-- SUPPLIED RECORDS follows --
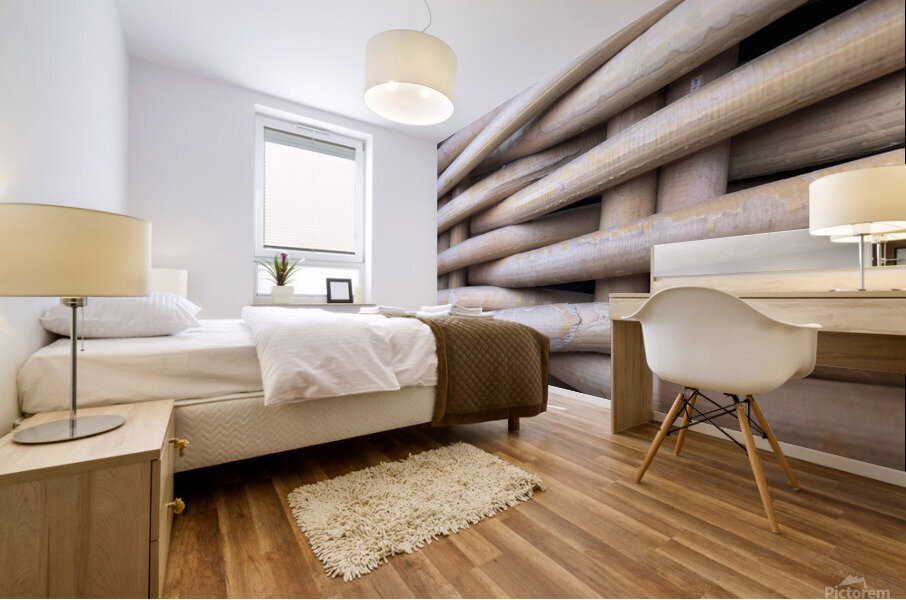 398739AB 84A0 4128 BB16 B4385DE17700 Mural print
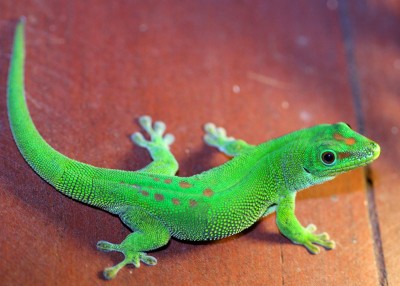 Giant day gecko, Manga Soa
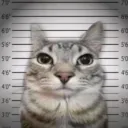 Аватар nikitamix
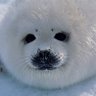 sealboi 的头像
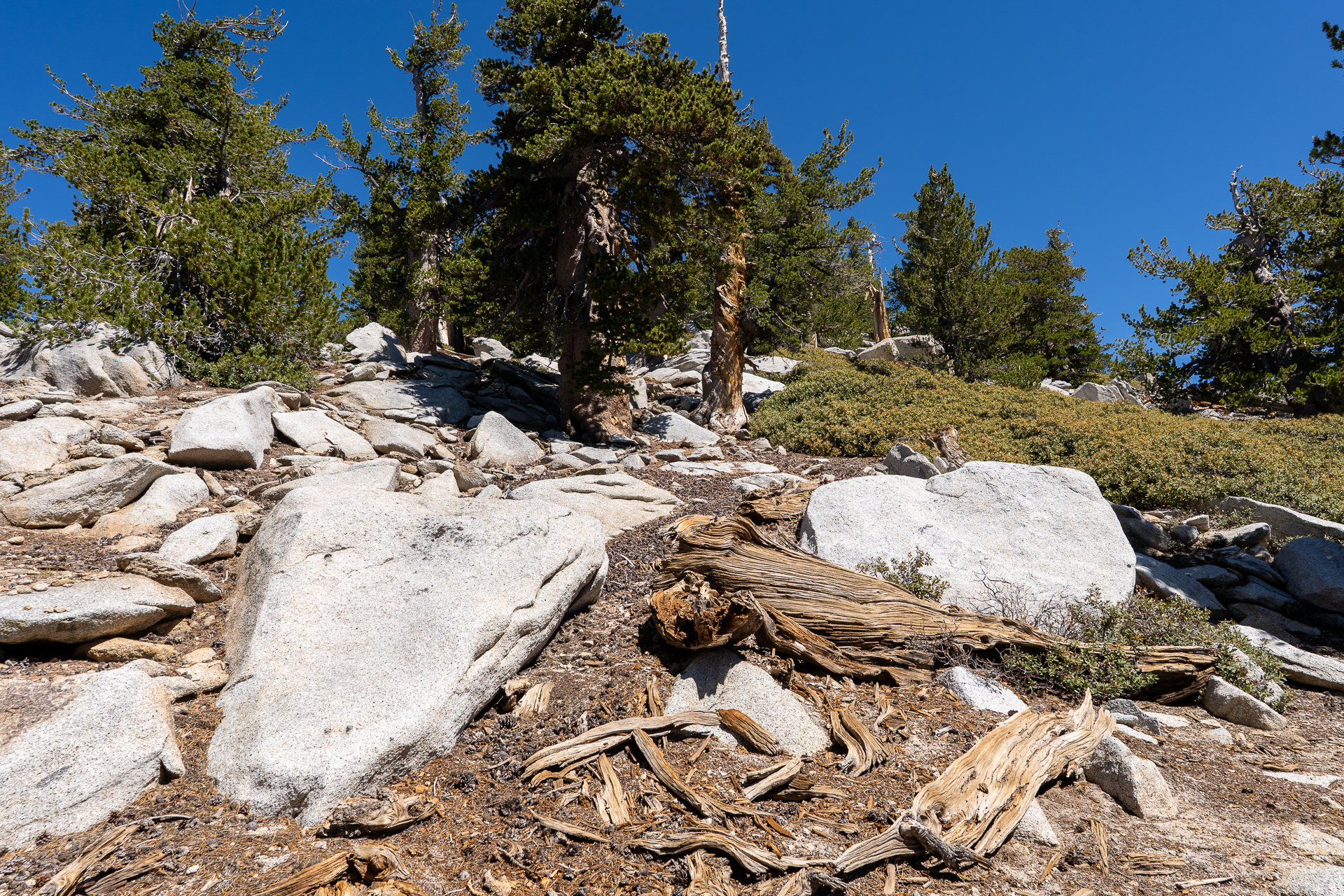 San Jacinto Mountains 10,000-foot Peaks Loop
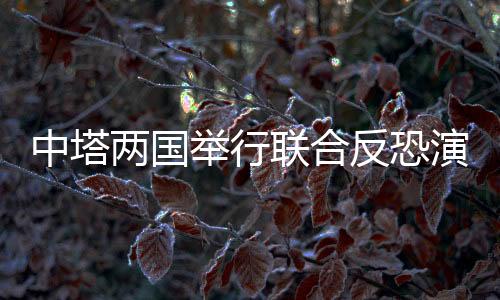 中塔韩国色网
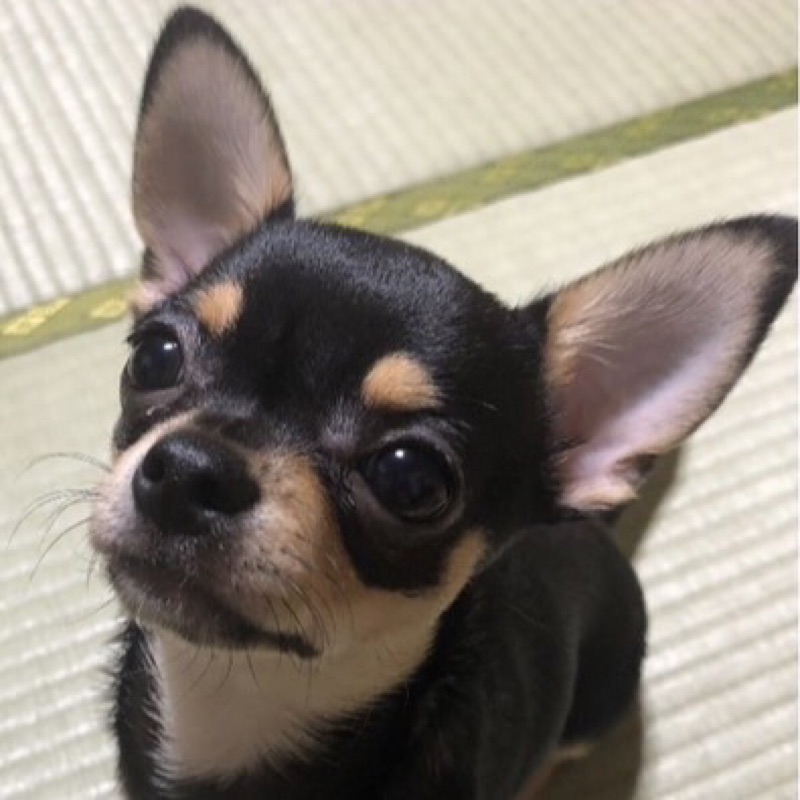 たかみね　れいこ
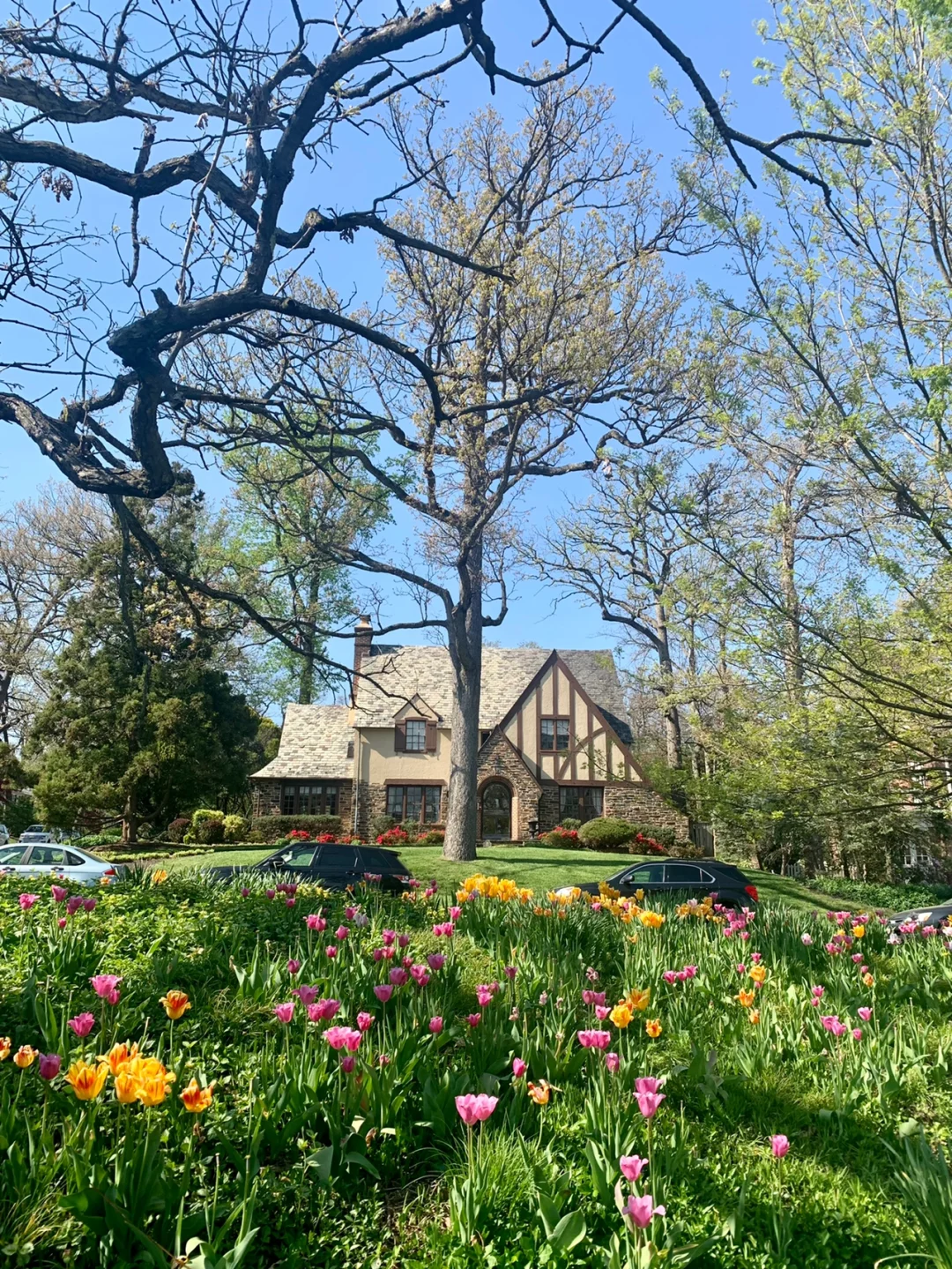 Hurry before it's too late... it's breathtakingly beautiful!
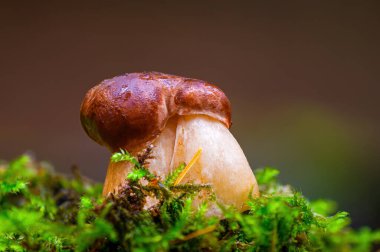 Çok renkli sonbahar ormanlarında lezzetli mantarlar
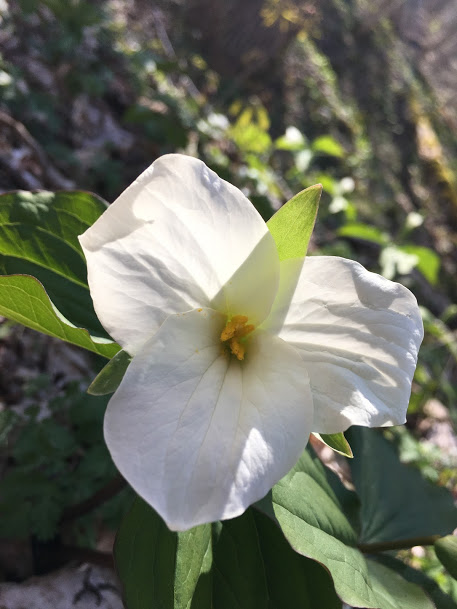 Up close photo of a white trillium flower.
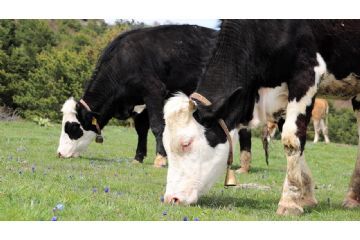 Fiera agricola primaverile 2025 - 27 aprile 2025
-- SUPPLIED RECORDS concluded --
#### [YOUR ASSIGNMENT]
Go to the line that contains "San Jacinto Mountains 10,000-foot Peaks Loop" and copy exactly from there through the last line of the records above, both included. Omit pictures.

#### [EXERCISE ANSWER]
 San Jacinto Mountains 10,000-foot Peaks Loop
 中塔韩国色网
 たかみね　れいこ
 Hurry before it's too late... it's breathtakingly beautiful!
 Çok renkli sonbahar ormanlarında lezzetli mantarlar
 Up close photo of a white trillium flower.
 Fiera agricola primaverile 2025 - 27 aprile 2025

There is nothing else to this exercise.